Caroline'den
Ben Caroline ve bu benim tuhaf hikayem. Olayları sizin için biraz özetleyeyim. Ben yetimhanede büyümüş bir cadıyım. Diğer çocuklardan farklı olduğumu hep biliyordum ama benim gibi başkalarının olabileceğini hiç düşünmemiştim. Derken bembeyaz sakalı olan ve ölmeyi unutmuş gibi duran bir adam benim için geldi ve hayatım değişti. Bana bir cadı olduğumu benim gibi başkalarınında olduğunu ve bizim gibi özel insanlar için bir okul olduğunu söyledi. Ben zihin okuyabiliyordum ve o bunu anladığında şok olup bunun hoş bir şey olmadığını söylemişti. O andan sonra bir daha onun zihnini okumadım ama benden bir şeyler sakladığını hep biliyordum.
Okuldaki ilk yılımda Harry isimli bir çocukla tanıştım. Gerçekten iyi biriydi biraz da bana benziyordu. Ben iyi biriyim demiyorum bu arada insanları sevmem ben. Burda da arkadaş edinmeyi düşünmüyordum ama Harry nasıl olduysa kendini bana alıştırtmıştı. Onunla takılınca da otomatik olarak Ron ve Hermione'yle de takılıyordum.

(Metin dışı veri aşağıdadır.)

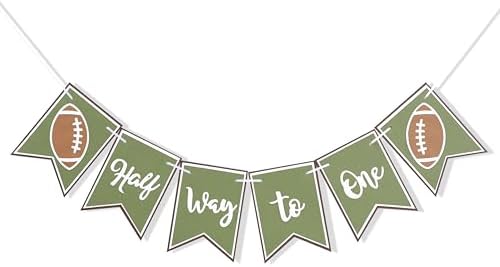 Football Half Birthday Banner for Boys 6 Months Celebration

İlk senemizde Harry'i bebekken öldürmeye çalışan Voldemort isimli kötü büyücüyle karşılaşmak zorunda kaldık. Son hatırladığımda buydu. Beni ele geçirmeye çalışan Voldemort
Korkunç bir acı hissiyle uyandım. Hastane kanadında yatıyordum. Dumbledore bana doğru yaklaştı ama benimle konuşmasına izin vermeden cisimlendim. Diğer cadı ve büyücülerin aksine Hogwarts duvarları içinde cisimlenebiliyordum. Büyü yapmak için özel çaba yada sihirli sözcüklere ihtiyacım yoktu. Sadece istiyordum ve oluyordu. Harry'nin yanına geldiğimde bana hayalet görmüş gibi bakıyordu.

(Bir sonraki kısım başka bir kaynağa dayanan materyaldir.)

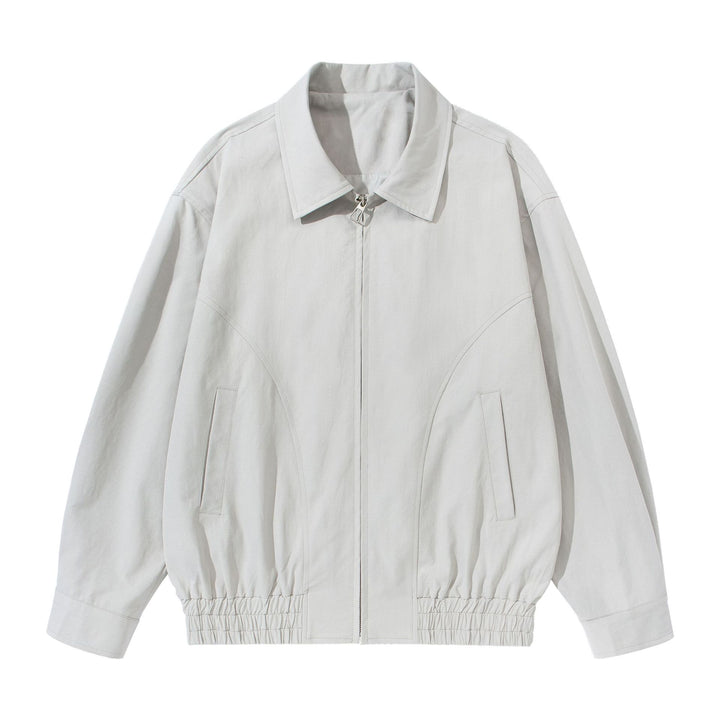 Unisex Short Cut Boxy Blouson Jacket with Shirt Collar, Concealed Zipper and Gathered Hem Mune Fashion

"Uyanmışsın" boynuma sarıldı
"Tabi ki ne sandın? Neler kaçırdım?" deyip gülümsedim o ise kaşlarını çattı. Şimdi dikkat ettim de büyümüş müydü o?
"Yaz tatilini kaçırdın Care seni bir türlü uyandıramadılar" işte bu bomba haber. Yaz tatili bitmiş okul açılalı iki hafta olmuştu ve Harry bana sırlar odası diye bir şeyden bahsetti. Bunları da yalnız bırakmaya gelmiyor yani. Kaybettiğim zamanda olanları bana anlatmayı bitirdikten sonra yatağıma gidip uyudum . Sabah ilk ders karanlık sanatlardı ve Harry adamın tam bir budala olduğunu söylemişti.
"Bayan White sizinle tanışamıyacağım diye korkmaya başlamıştım" ne olduğunu anlamadan bana sarıldı. Sarı saçlı aşırı tuhaf bir adamdı kızların ona hayran hayran bakmasından anladığım kadarıyla yakışıklıydı da.
"Yaaa bende sırf o yüzden uyandım profesör"
Gün boyunca herkes bana geçmiş olsun dileklerini iletti. İnsanların bu hareketlerini anlayamıyordum. Onları sevmediğimi bildikleri halde neden böyle davranıyorlardı?
Seni öldürücem
"Ne dedin" diyerek arkama döndüm ama kimse yoktu. O kadar baygın kalmanın yan etkisi diye düşündüm. Ortak salona gidip bizimkilerin yanına oturdum. Kendimi çok yorgun hissediyordum. Biraz konuştuktan sonra yatakhaneye çıkıp uyudum.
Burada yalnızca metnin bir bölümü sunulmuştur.